Buttery (room)
A buttery was a service room in a large medieval house in which barrels, bottles, or butts of alcoholic drink were stored, and from which they were served into the Great Hall. The "butler" was anciently the household officer in charge of the buttery, and possibly for its provisionment (i.e., the sourcing and purchasing of wine), and was required to serve wine to his lord and guests at banquets. In the royal household such officer was termed the "Marshal of the Buttery" and was often a post discharged under the feudal land tenure of grand serjeanty.[1] In less important households such an officer was termed the yeoman of the buttery.
Etymology
The words "buttery" and "bottle" derive from mediaeval French word botte and its diminutive bouteille (meaning "barrel" and "small barrel", respectively), which in turn are derived from the mediaeval Latin terms buttis (meaning "a barrel") and butticula.[2][3][4][5]
Location
The buttery was situated to one side of the screens passage, which sectioned off the low end of the Great Hall. The screens passage generally had two or three doors on the side opposite its entrances into the Great Hall, which led, respectively, to the buttery, kitchen, and pantry, each of which formed separate household departments.
Function
The buttery's principal function was storage of wine and its preparation for serving. Candles were also dispensed from the buttery as was beer to those lower members of the household not entitled to drink wine.[6] Today in colleges in Cambridge, Dublin, and Oxford, drinks are served from the "Buttery Bar".[7] The buttery generally had a staircase to the beer cellar below.[8] The wine-storage area of the buttery, in keeping with the higher value of its contents, was often more richly decorated to reflect the higher status of its function.[9]
Decline
From the mid-17th century, as it became the custom for servants and their offices to be less conspicuous and sited far from the principal reception rooms, the Great Hall and its neighbouring buttery and pantry lost their original uses. While the Great Hall often became a grand staircase hall or large reception hall (as at Powderham Castle in Devon), the smaller buttery and pantry beyond the screens passage were often amalgamated to form a further reception or dining room.
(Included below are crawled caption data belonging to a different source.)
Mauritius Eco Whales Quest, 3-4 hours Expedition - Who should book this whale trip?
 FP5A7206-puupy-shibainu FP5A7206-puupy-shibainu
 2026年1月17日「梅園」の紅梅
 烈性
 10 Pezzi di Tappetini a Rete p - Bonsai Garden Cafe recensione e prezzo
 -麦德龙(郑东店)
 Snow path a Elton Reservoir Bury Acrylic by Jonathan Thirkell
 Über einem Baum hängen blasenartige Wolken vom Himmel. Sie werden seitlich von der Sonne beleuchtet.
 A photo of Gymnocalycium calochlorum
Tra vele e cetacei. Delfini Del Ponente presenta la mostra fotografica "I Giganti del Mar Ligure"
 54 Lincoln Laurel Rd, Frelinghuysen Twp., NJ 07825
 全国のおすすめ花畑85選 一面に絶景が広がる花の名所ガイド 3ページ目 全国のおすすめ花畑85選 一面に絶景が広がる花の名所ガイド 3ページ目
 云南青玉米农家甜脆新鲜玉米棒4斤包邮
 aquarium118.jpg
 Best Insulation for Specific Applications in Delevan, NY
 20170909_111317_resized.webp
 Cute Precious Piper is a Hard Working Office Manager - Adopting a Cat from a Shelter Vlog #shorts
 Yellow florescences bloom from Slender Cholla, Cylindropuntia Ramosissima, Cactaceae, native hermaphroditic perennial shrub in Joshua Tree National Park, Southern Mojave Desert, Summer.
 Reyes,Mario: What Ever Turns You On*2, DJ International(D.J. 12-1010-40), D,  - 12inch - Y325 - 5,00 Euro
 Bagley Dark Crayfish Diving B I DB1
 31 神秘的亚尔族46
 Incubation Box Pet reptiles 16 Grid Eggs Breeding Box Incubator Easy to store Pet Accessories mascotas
Distinguished from the dairy
The buttery should not be confused with the household department which stored and processed milk and its by-products such as butter and cheese, termed the "dairy". The English word "butter", as the dairy product, derives from a different etymological source from "buttery" the wine-store, namely from Old English butere, from Latin butyrum, from Greek boutyron, deriving ultimately from bous, "cow".[10] Kaufman proposed an apparently erroneous derivation: "Cows were also kept near the castle to provide milk and milk by-product, which were processed in the castle buttery".[11]
References
- ↑ The manor of Kingston Russell in Dorset was held by the grand serjeanty of being the king's Marshall of the Buttery
- ↑ Buttery. Collins Dictionary of the English Language.
- ↑ Bottle. Collins Dictionary of the English Language.
- ↑ Botte. Larousse Dictionnnaire de la Langue Francaise (Paris: Lexis). 1979.
- ↑ Bouteille. Larousse Dictionnnaire de la Langue Francaise (Paris: Lexis). 1979.
- ↑ Girouard, p34
- ↑ Durant, David N. (1996). ""Buttery" - historical terms from the sixteenth century to the present". Where Queen Elizabeth Slept & What the Butler Saw.
- ↑ Girouard, p. 34
- ↑ Girouard, p35.
- ↑ "Butter". Collins Dictionary of the English Language (London). 1986.
- ↑ Kaufmann, J. E. Kaufmann & Kaufmann, H. W. Kaufmann & Jurga, Robert M. (2004). The Medieval Fortress: castles, forts and walled cities of the Middle Ages. p. 53. Such products were processed in the dairy, not the buttery.
Bibliography
- Girouard, Mark (1978). Life in the English Country House. Yale University Press. ISBN 0-300-02273-5.